So, if anyone wants a fully functional (apart from the battery) B.B.C. computer, then I've got one.

The software I run on it is based around a G.U.I. which I have written (C.I.S.C. E.S.).

The cassette deck plays into my hi-fi, as well as the computer.


----------



## mrteatime (Oct 25, 2006)

ValvesRule said:


> B.B.C. Master 128, fitted with 65C02 coprocessor.
> 
> 1989.
> 
> ...


that is mental!!!! i bet you have a shed, with individual names for the spanners and screwdrivers.......do you smoke a pipe?


----------



## pg tips (May 16, 2003)

I loved the bbc's, had an electon and a B never had a master though.

I've got an acorn somewhere, A4000 I think?


----------



## Benzowner (Nov 11, 2009)

I've got an old Sinclair Spectrum at home which loads up with a cassette :jawdrop:


----------



## PhilM (Nov 5, 2004)

Actually have a couple, a 1979 Texas T149A and an early 80's Atari 800 that also loads via cassette and cartridge


----------



## ValvesRule (May 20, 2009)

mrteatime said:


> that is mental!!!! i bet you have a shed, with individual names for the spanners and screwdrivers.......do you smoke a pipe?


No, only my bedroom, I'm afraid; hence the density of stuff visible in the photograph.

To answer all three accusations simultaniously, I'm not James May.

And I don't smoke at all :hypocrite: (I don't get out enough to smoke passively).



> I loved the bbc's, had an electon and a B never had a master though.
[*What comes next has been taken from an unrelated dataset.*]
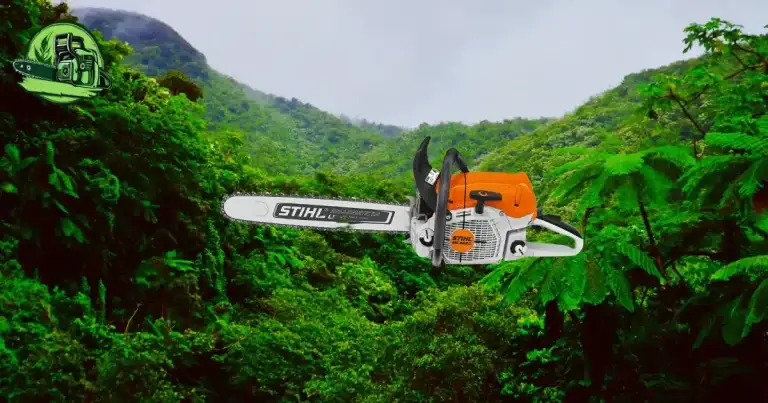 Stihl MS 462 C-M avis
We've got two Electrons (ours, and an extended family's cast-off), one of which I have turned into a laptop.


----------



## pg tips (May 16, 2003)

ValvesRule said:


> We've got two Electrons, one of which I have turned into a laptop.


B)


----------



## HereBeMonsters (Jul 27, 2009)

I have a 1985 Mac which still worked last time I tried to use it. All I ever do is turn it on, fire up MacPaint, doodle around then turn off again.

Oldest computer in regular use is my Panasonic Toughbook. 266mhz Pentium MMX with 192mb RAM. Runs Windows XP just fine, IE 6 and Office 2003. All I need it for when I'm out on site.
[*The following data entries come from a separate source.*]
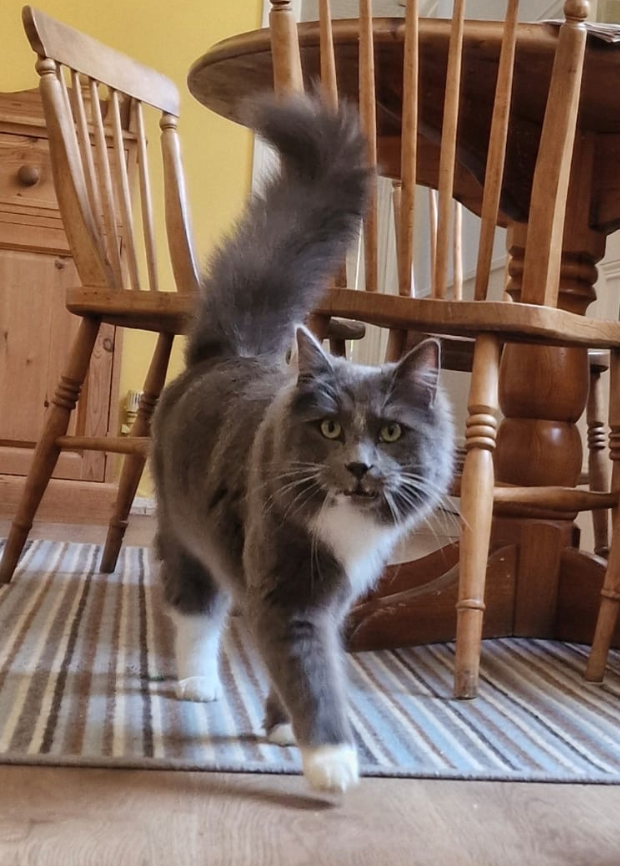 Grey Cat with white bib missing in Hastings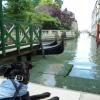 Zorro à Venise 05/2014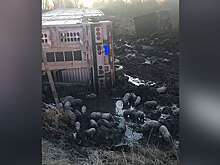 Ловили всей деревней: тысячи поросят оказались на свободе после ДТП с грузовиком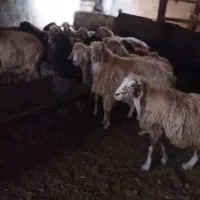 فروش گوسفند گوشتی شیشک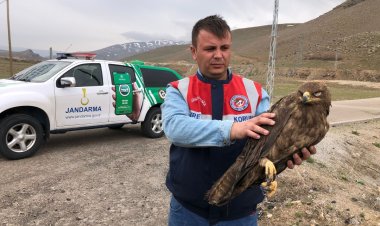 VAN'IN ÇALDIRAN İLÇESİNDE YARARLI HALDE BİR KARTAL BULUNDU!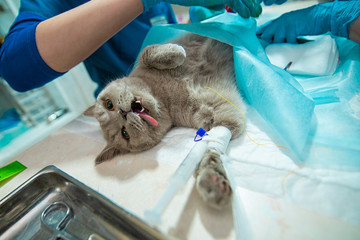 The process of castration of a cat, an animal on an operating table, a doctor and a patient, a...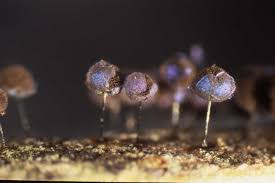 Attēlu rezultāti vaicājumam “Stemonitidaceae”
Have just bought myself a replacement though - Dell Inspiron 11v with all the options ticked. Well, a mate works for Dell and by combining deals I saved over 40% on list price.


----------



## pg tips (May 16, 2003)

forgot about the works toughbook, must be 5 years old at least now.


----------



## JonW (Mar 23, 2005)

mach 0.0013137 said:


> Caroline has had her computer since around 1993 and it`s still in regular use, I gather the internal battery is dead but that`s all B)
> 
> Even her printer is of a similar vintage
> 
> Hewlett Packard


Eeek, I had one of those... one of the first affordable decent inkjets... 'DeskJet something or other'... I got it in 1991 and chucked mine out in about 1995 when my folks upgraded as they had been using it... Ive had laptops for the past 15+ years. Why anyone would want a tethered computer is beyond me LOL.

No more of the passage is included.